日本経済は、前四半期に再び縮小し、アメリカの高関税政策が輸出と投資に持続的な影響を与えていることが浮き彫りとなった。しかし、より深刻な問題は構造的な弱さにある。物価の上昇率が賃金の伸びを10ヶ月連続で上回り、中小企業は利益が薄く、交渉力が制限されているため、賃金引き上げが遅れている。このことが、高市早苗首相が経済政策で克服すべき重要な課題となっている。
共同通信の報道によれば、日本内閣府が発表した2025年の第3四半期(7~9月)の経済改定データによると、物価変動を考慮しない実質GDPは前期比0.6%減少し、年率換算で2.3%下落し、初期の1.8%の減少よりも状況が悪化したことが示された。
アメリカのトランプ政権による高関税政策の影響で、企業設備投資の減少が前四半期の経済後退の主な原因である。企業設備投資は前年同期比0.2%減少した。前四半期の輸出は初期値通り1.2%減少し、外需の弱さを反映している。輸入はエネルギーと医薬品の減少により0.4%減少した。
日本経済は、約1年半ぶりにマイナス成長を記録し、外部環境の悪化と企業投資の弱体化が相互に影響することで、将来の経済回復の動力がさらに圧力を受けていることが明らかとなった。
同時に、日本は実質賃金が10ヶ月連続で減少するという課題にも直面している。10月の実質賃金は前年同月比で0.7%減少し、10ヶ月連続でマイナス成長である。一方で、10月の物価は3.4%上昇した。
日本のインフレが加速する中、賃金上昇は企業が直面する圧力となっている。しかし、日経アジアの分析によれば、全国の企業が99.7%を占める中小企業においては、コスト負担が重く、交渉力が限られているため、賃金調整を支えることが困難であり、これが構造的な経済問題を形成している。
日本労働組合総連合会(連合)は、来年の春季労使交渉における目標を提示し、全体の賃金引き上げ幅が5%を超えることを希望しており、中小企業は少なくとも6%に達することを求めている。しかし、コスト負担が軽減されず、価格転嫁が困難な状況で、中小企業はこの圧力を重く感じている。

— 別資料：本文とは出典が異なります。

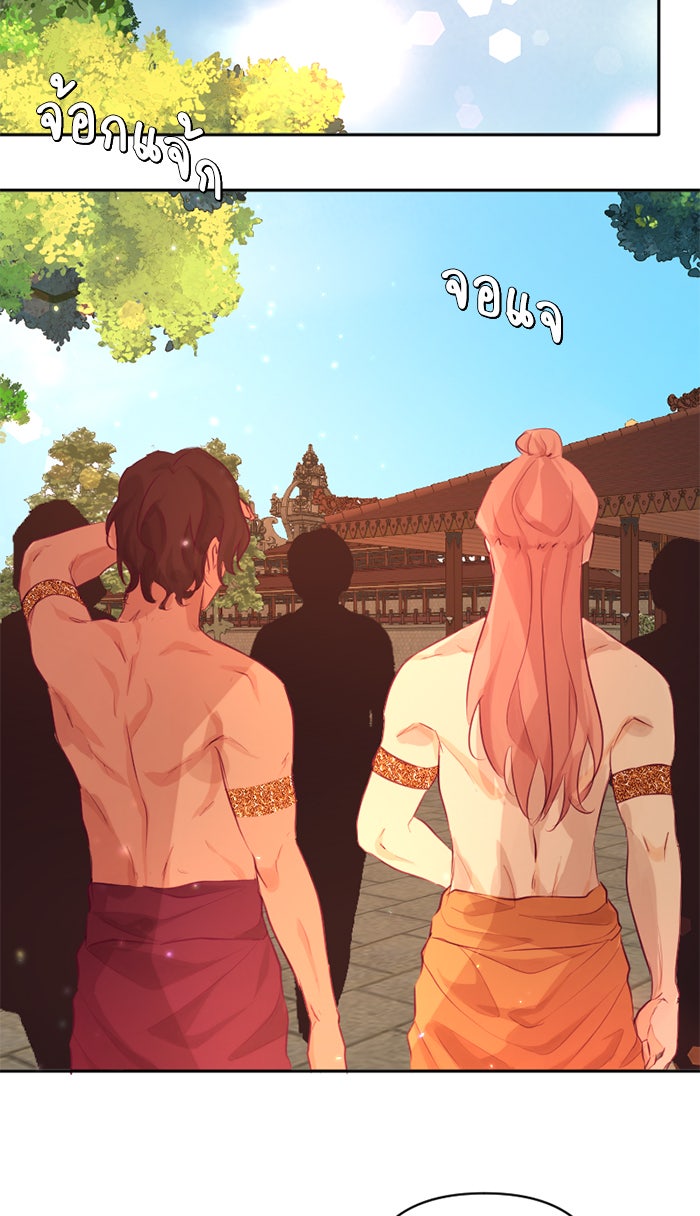 เดเดส จอมนางพลิกชะตา - หน้า 6
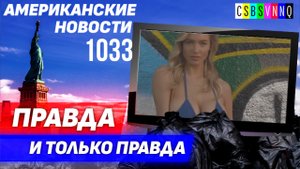 CSBSVNNQ Американские новости — выпуск #1033 от 22.05.2023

高市政権は21.3兆円の刺激策を講じ、生産性向上を通じて賃金成長を促進することを期待している。彼女は1兆円を中小企業に支援することを約束し、政策の重心は最低賃金の目標設定ではなく、企業のアップグレードをサポートすることにあると強調している。
高市首相は以前、国会答弁で、政府が具体的に1500円の時給目標(石破茂政権がかつて提案した目標)を設定する計画はないと表明した。高市首相は「物価上昇に打ち勝てる高賃金の環境を創ることが優先事項であり、具体的な数値を提案することは、中小企業と小規模商家に責任を転嫁するだけであり、それは無責任だ」と述べた。

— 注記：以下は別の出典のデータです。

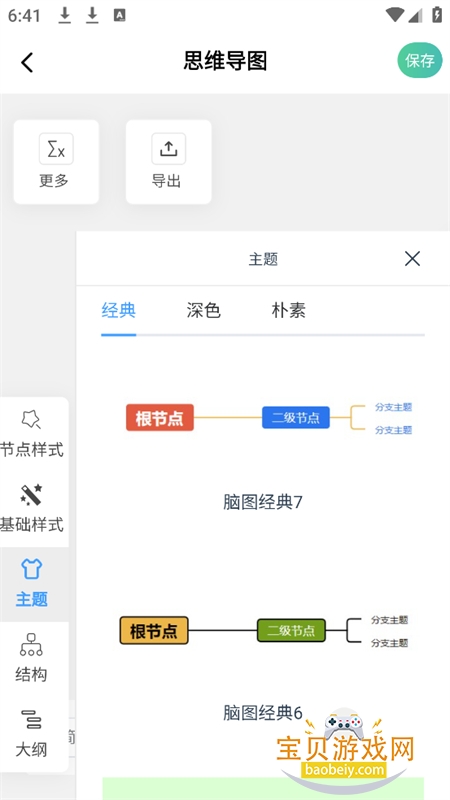 ˼άͼmindappٷ°汾v3.0.4 ׿ͼ0.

高市首相は、日本政府の計画は、資本投資への助成と管理人材の導入を通じて革新と生産性向上を促進し、企業が賃金改善する能力を持つことを目指しており、単に行政手段によって圧力をかけることではないと説明している。
日本商業情報機関「帝国データバンク」によると、人手不足が日本の中小企業の経営リスクを一層高めている。今年4〜9月に人手不足が原因で倒産した件数は214件で、前年同期比31%増加し、歴史的新高を記録した。

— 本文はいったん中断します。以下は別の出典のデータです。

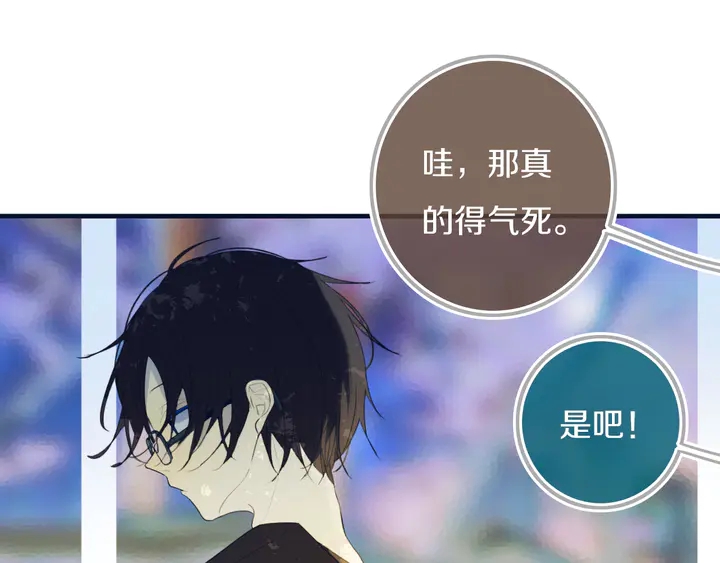 第54话 三角形具有稳定性。72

日経アジアの分析によれば、デフレマインドが依然として日本企業の行動に影響を与えている。日本企業は1990年代以来、現金を蓄積し続けており、大企業と比較して中小企業はより慎重であり、手元現金を拡大しようとする傾向があり、設備更新や生産性向上が抑制されている。高市内閣は、日本の賃金成長を促進し、企業の生存と物価の抑制のバランスを取ろうとしているが、政府が中小企業の生産性向上と賃金調整能力の限界を乗り越えることを支援できなければ、経済全体の動力は回復し難いだろう。